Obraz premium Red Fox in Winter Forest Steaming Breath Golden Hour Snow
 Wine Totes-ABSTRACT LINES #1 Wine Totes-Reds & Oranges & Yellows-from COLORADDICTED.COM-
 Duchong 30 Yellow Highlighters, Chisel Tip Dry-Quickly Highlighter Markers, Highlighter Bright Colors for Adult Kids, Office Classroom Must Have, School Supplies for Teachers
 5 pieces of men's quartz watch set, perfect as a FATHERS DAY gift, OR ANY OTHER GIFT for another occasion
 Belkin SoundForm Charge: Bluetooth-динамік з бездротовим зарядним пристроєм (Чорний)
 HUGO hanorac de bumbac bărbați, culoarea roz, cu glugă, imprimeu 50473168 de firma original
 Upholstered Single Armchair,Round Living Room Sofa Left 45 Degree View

───

§ **ACTIVITY**
Only the lines from the one that contains "Belkin SoundForm Charge: Bluetooth-динамік" to the end of the entries above should be given again, exactly and in full.

§ **WORKED SOLUTION**
 Belkin SoundForm Charge: Bluetooth-динамік з бездротовим зарядним пристроєм (Чорний)
 HUGO hanorac de bumbac bărbați, culoarea roz, cu glugă, imprimeu 50473168 de firma original
 Upholstered Single Armchair,Round Living Room Sofa Left 45 Degree View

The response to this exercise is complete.